A proporção é menor do que a registrada em 2024, quando 23,6% dos lares eram beneficiários. O recuo é explicado pelo aquecimento do mercado de trabalho. O analista do IBGE Gustavo Geaquinto Fontes aponta que o aumento da renda do trabalho reduz a necessidade de parte das pessoas por renda mínima, fazendo com que deixem de ser contempladas pelos programas. O nível de desemprego em 2025 foi o menor já registrado pela série histórica do instituto, iniciada em 2012. Em comparação com 2019, último ano antes da pandemia, quando 17,9% dos domicílios eram beneficiários, o número atual representa a inclusão de 5,5 milhões de famílias em seis anos.

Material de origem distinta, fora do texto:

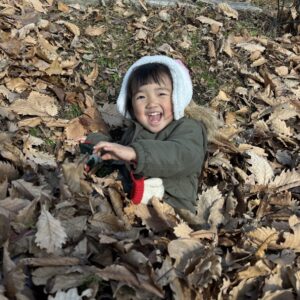 ひさしぶりのおてんき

O Bolsa Família segue como o programa de maior abrangência, presente em 17,2% dos lares brasileiros, o equivalente a 13,6 milhões de domicílios. O BPC aparece em segundo lugar, alcançando 5,3% dos domicílios. Em 2025, o rendimento médio pago pelos programas sociais foi de R$ 870, valor 71,3% superior ao de 2019, já descontada a inflação. O rendimento médio mensal por pessoa nos lares beneficiários era de R$ 886, enquanto nos domicílios não beneficiários chegava a R$ 2.787.
A distribuição regional reflete a desigualdade de renda do país. No Nordeste, 39,8% das famílias recebiam algum benefício social, seguido pelo Norte, com 38,8%. No Sul, a proporção era de apenas 10,8%. Entre os estados com maior proporção de domicílios atendidos pelo Bolsa Família estão Pará, com 46,1%, Maranhão, com 45,6%, e Piauí, com 45,3%.